Havia alegrias da família constituída, mas as decepções não programadas de um relacionamento temperavam suas convivências. Todas as experiências e exemplos vividos ao longo dos seus anos estavam em conflito no matrimônio. O nascimento dos filhos, permitiu a formação de um vínculo forte, afetivo e um propósito além das suas necessidades circunstanciais. Ao mesmo tempo, era possível galgar conquistas financeiras discretas, mas constantes, como a aquisição da primeira casa própria. Neste momento, todo o passado de carência financeira se extinguia e começavam a viver em um mundo que seria impossível há alguns anos.
A história deste casal refletida se assemelhava ao deste bonito e sofrido estado do Ceará.

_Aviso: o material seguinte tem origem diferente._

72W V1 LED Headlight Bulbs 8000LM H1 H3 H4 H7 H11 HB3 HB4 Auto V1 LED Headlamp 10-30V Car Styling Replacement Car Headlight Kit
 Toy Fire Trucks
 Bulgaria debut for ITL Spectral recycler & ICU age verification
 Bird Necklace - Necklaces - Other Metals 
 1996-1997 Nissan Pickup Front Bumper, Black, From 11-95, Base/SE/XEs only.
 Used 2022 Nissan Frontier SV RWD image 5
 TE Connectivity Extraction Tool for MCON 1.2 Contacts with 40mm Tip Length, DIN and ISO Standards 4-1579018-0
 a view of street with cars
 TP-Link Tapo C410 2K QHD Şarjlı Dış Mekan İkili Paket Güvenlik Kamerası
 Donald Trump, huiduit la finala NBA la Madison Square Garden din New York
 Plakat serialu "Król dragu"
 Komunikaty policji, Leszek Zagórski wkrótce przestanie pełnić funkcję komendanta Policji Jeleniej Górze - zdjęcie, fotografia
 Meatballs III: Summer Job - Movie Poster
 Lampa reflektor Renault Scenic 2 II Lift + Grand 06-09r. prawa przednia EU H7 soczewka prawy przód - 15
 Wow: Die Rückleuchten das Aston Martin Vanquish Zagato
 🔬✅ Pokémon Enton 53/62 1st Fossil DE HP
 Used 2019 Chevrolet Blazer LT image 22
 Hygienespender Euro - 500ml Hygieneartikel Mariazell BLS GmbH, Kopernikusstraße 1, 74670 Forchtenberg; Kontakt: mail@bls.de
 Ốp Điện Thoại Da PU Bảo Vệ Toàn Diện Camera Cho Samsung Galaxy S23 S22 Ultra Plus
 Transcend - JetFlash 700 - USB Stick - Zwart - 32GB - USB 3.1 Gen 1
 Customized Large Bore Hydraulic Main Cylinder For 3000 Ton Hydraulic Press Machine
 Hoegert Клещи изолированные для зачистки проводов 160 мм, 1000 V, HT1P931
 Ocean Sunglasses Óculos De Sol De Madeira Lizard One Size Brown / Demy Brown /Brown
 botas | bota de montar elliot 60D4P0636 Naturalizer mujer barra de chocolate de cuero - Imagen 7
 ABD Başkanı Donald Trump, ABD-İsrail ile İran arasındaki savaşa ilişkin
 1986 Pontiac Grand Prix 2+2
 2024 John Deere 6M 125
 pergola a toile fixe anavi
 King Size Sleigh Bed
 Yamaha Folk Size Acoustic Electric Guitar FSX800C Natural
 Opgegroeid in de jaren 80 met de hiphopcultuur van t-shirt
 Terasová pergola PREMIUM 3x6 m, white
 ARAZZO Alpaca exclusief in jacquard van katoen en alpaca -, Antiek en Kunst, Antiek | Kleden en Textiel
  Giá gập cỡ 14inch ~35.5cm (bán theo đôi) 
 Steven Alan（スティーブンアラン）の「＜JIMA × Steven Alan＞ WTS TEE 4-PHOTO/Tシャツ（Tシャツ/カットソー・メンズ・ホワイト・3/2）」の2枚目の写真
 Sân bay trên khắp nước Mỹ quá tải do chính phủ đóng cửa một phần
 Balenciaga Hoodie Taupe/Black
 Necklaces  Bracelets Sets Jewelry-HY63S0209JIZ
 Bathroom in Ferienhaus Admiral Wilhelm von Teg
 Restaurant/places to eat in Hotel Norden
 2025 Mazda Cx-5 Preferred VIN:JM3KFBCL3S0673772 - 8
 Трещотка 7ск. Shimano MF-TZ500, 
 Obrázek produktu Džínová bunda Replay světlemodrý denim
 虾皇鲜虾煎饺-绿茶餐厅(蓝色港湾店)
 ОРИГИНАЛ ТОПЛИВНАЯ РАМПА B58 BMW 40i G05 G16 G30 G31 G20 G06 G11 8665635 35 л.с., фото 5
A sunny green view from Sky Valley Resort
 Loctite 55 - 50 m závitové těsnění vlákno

Períodos de chuva e sol, terra seca marrom com ar seco que arde nas narinas em contraste com um mato molhado em período de inverno de agradável aroma. Céu azul sem nuvens que fazem a festas dos turistas nas aprazíveis Praias de Jericoacoara, Pecém, Cumbuco, Beberibe e do tempo nublado que traz esperança e alegria para os agricultores que assistem o renascer dos rios como o Jaguaribe e açudes como o de Quixadá, aos pés da Galinha Choca, e do magnífico Orós.
Os filhos do casal assistiram inocentes o choque de mundos tão diversos e egocêntricos que se confrontavam. A ruptura deste seio familiar foi o debut destas crianças que iriam percorrer não as mesmas estradas dos seus pais, mas um caminho de dificuldades que seriam transpassadas pela fé inerente ao povo cearense.